Es un tema recurrente. Basta que a un escritor le concedan un premio para iniciar una polémica. Las razones para justificar una distinción suelen ser apasionadas antes que literarias, y lo mismo sucede para explicar por qué alguien más no merecía el galardón.
El premio más polémico del mundo es el Nobel, y la institución más denostada (a veces con justicia poética) es la Academia Sueca. Y el autor evocado como víctima del gran agravio casi siempre es Borges.
Cuenta la leyenda que éste decía, con impecable ironía: «Existe una antigua tradición escandinava que consiste en negarle el Nobel a Jorge Luis Borges.» Su nombre, su caso, es inevitable a la hora de comentar el Premio. Hace poco un amigo me explicaba que la Academia sueca considera las opiniones, la filiación política, el apoyo a las causas nobles y justas como un factor decisivo.

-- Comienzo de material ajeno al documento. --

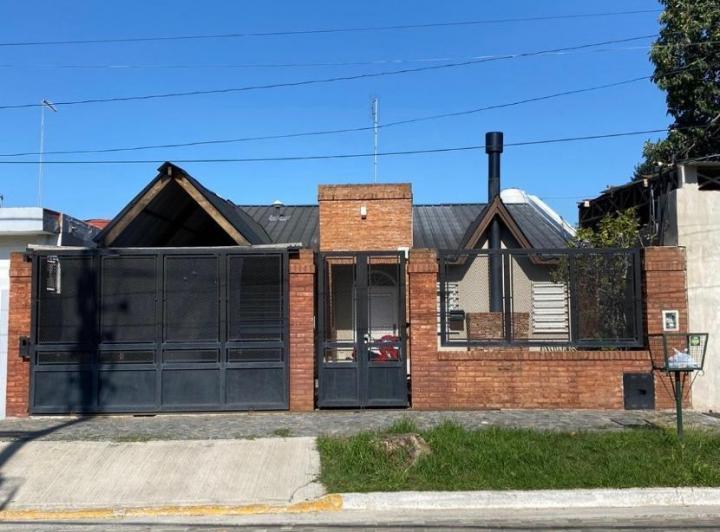 Casa · 100m² · 3 Ambientes · 1 Cochera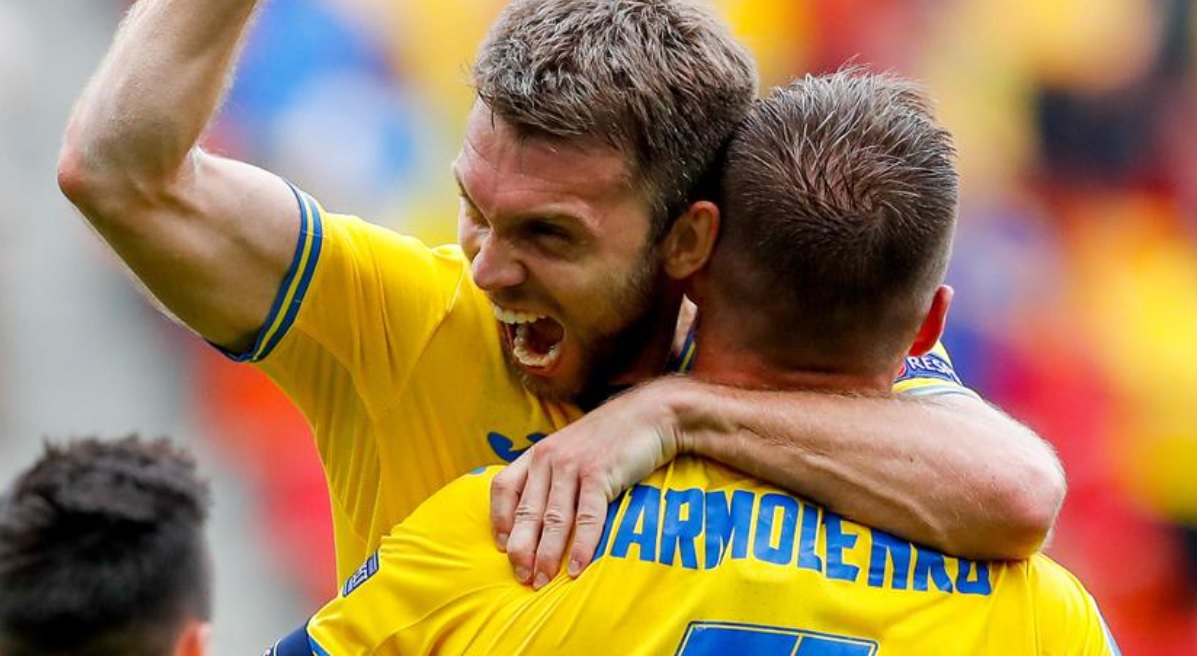 Selebrasi pemain Ukraina usai membobol gawang Makedonia Utara. (uefa)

No creo que siempre sea así. Pero el hecho de esa posibilidad, de considerar ese motivo debería ser una llamada a la reflexión, a la cordura y la justicia, ahora más que nunca, poética. ¿Quién merece un premio literario? ¿La posición política equivocada de un escritor le quita méritos literarios? ¿Se puede ser un mamarracho y un gran escritor a la vez? Me temo que sí. No creo que Borges haya sido uno, ni un desalmado. Era un grande las letras y fuera de ellas un hombre extraviado, casi en todo lo demás.
El nombre de Borges está más unido al Premio Nobel que el de muchos galardonados que al paso de los años ya nadie recuerda y, peor aún, casi nadie lee. Borges es recordado, discutido y leído. Se ha impuesto rampante a aquella antigua tradición escandinava.
A veces la literatura ofrece las respuestas a las preguntas y dudas que ella misma plantea. Encontrar la página que resolverá el dilema es un misterio del azar, de la asombrosa combinación de elementos que nadie termina nunca de imaginar. Un hallazgo así siempre es una alegría, y una señal, una llamada plena de sentido que es importante compartir. El mensaje es simple, claro y lúcido: los premios literarios deberían ganarlos los grandes autores, sin que sus opiniones políticas, su militancia o condición sean relevantes para distinguir y reconocer su obra.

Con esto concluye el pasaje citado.